Just like it doesn’t want customers to be chased around the internet by a big dildo (due to ad retargeting), Lovehoney’s new pop-up shop in Covent Garden isn’t going to sound the alarm as soon as somebody enters the shop.
It is, however, going to let Lovehoney see if it can operate beyond the confines of the world wide web, having been an online-only retailer for the last 17 years.
Armed with its mission to promote sexual happiness and planning permission from the council, the adult brand is now ready to see how that experience translates face-to-face.
Cue Lovehoney’s 12 Days of Christmas pop-up, which marks the first time the retailer has put itself on the high street as it looks to ramp up sales in the run-up to its busiest periods around Black Friday, Christmas and Valentine’s – which Lovehoney refer to as the ‘three peaks challenge’.
Speaking to Marketing Week in a room filled with lots of things that vibrate, novelty games and lube, Lovehoney’s new CEO, Sarah Warby, says the shop is a chance for Lovehoney to bring its brand directly to consumers and see what it can learn from interacting with customers in person.
“The way we do this online is really powerful: we have over 250,000 product reviews and that community has been a phenomenal thing for us,” Warby says.
“The people who know us love us but we now need to spread that love wider. As the world lightens up and the conversation becomes freer, Lovehoney’s got loads of opportunities to pop up. Wherever we can be pushing the conversation and piquing people’s curiosity, that’s where we’re going to be.”

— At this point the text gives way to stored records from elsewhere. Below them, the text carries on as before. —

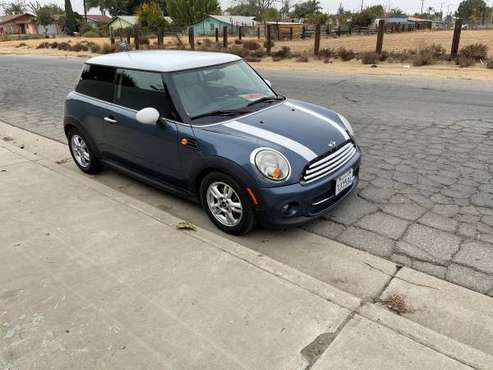 Mini Cooper - cars & trucks - by owner - vehicle automotive sale for sale in Lamont, CA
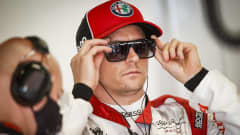 Kimi Räikkönen tar på sig solglasögonen.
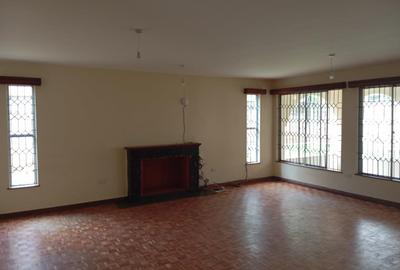 5 Bed Townhouse with En Suite at Lavington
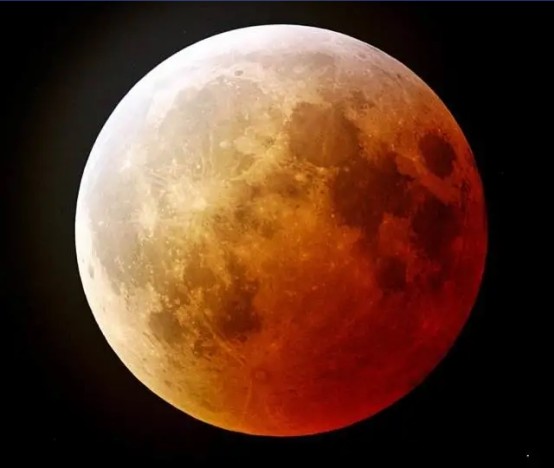 月球|月球生锈了，正在慢慢变红，是地球害的它？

For the next two weeks, Lovehoney will be selling its 12 Days of Christmas pick’n’mix playbox, alongside several collections of festive-themed lingerie. However, Lovehoney isn’t looking to have a permanent fixture on the high street just yet.
“I haven’t got a plan to start world domination of bricks and mortar. Why would I? We’ve got a fantastic ecommerce business and bricks and mortar isn’t necessarily the way forward for us,” Warby explains.
“What’s great about this is learning about how we can help our customers in different ways. Who knows how we might pop up and manifest the brand another time, but this isn’t signalling the start of appearing on a high street near you soon.”
An early-days partnership with Boots, however, signals how Lovehoney might be looking to expand its presence beyond ecommerce. Warby believes similar partnerships would be a “sensible progression”.
She describes Lovehoney’s customers as an extended family. In fact, they play such an integral role in the decision-making process that Lovehoney has two dedicated employees who read all the customer forums and reviews. This is then fed back to the in-house teams, which Warby refers to as a “big melting pot” of drawing, designing, engineering and marketing.